Problem to solve: Word for word, retype the tail of the data below, starting with the line that has "Pet Bandana Collar - Deal Exchange" and including the last line.

Provided information:

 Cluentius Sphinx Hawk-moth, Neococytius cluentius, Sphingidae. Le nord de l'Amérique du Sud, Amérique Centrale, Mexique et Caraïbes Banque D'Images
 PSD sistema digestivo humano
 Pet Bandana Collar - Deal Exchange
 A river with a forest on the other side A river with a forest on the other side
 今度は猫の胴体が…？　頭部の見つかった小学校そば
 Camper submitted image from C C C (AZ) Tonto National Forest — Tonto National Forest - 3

Result:
 Pet Bandana Collar - Deal Exchange
 A river with a forest on the other side A river with a forest on the other side
 今度は猫の胴体が…？　頭部の見つかった小学校そば
 Camper submitted image from C C C (AZ) Tonto National Forest — Tonto National Forest - 3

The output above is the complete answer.